Epratuzumab (planned trade name LymphoCide) is a humanized monoclonal antibody.  Potential uses may be found in oncology and in treatment of inflammatory autoimmune disorders, such as systemic lupus erythematosus (SLE).

Clinical trials
A clinical trial for relapsed adult acute lymphoblastic leukemia (ALL) has reported initial results.

Results have been published for a phase II trial in untreated follicular lymphoma.

Early results from a phase II trial for Diffuse large B-cell lymphoma (DLBCL) were encouraging.

The manufacturers in August 2009 announced success in early trials against SLE, and started two Phase III clinical trials.
July 2015 : Both phase III trials (EMBODY1/2) for SLE failed to meet their primary endpoint.

Mechanism of action
Epratuzumab binds to the glycoprotein CD22 of mature and malignant B-cells.

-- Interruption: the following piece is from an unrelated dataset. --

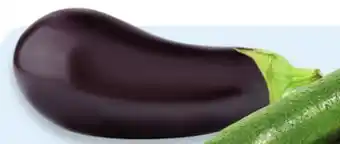 Walmart Large eggplant offer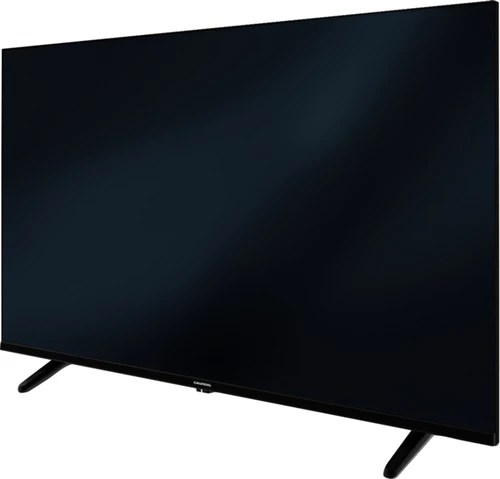 Grundig 6000 Madrid 109,2 cm (43") Full HD Smart TV Negro 2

Elevated CD22 and other B-cell receptor (BCR) proteins are associated with SLE. "Epratuzumab's mechanism of action transfers these BCR proteins to helper cells called effector cells which reduces B-cell destruction and epratuzumab's impact on the body's immune system" via a process called trogocytosis. Other SLE therapies destroy B-cells which compromises the immune system.